### Try it
Select from the records below every line that has the word "glass" in it.

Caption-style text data
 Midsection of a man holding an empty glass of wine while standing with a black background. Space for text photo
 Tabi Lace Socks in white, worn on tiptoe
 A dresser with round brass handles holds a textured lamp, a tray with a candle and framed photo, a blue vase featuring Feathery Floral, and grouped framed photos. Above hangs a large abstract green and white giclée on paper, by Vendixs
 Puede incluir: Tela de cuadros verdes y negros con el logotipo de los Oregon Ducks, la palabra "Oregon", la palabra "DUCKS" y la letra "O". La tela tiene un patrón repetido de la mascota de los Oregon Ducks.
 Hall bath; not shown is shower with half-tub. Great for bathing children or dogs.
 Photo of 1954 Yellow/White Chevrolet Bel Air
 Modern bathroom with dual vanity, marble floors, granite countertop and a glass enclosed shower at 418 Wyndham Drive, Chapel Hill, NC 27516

### Response
 Midsection of a man holding an empty glass of wine while standing with a black background. Space for text photo
 Modern bathroom with dual vanity, marble floors, granite countertop and a glass enclosed shower at 418 Wyndham Drive, Chapel Hill, NC 27516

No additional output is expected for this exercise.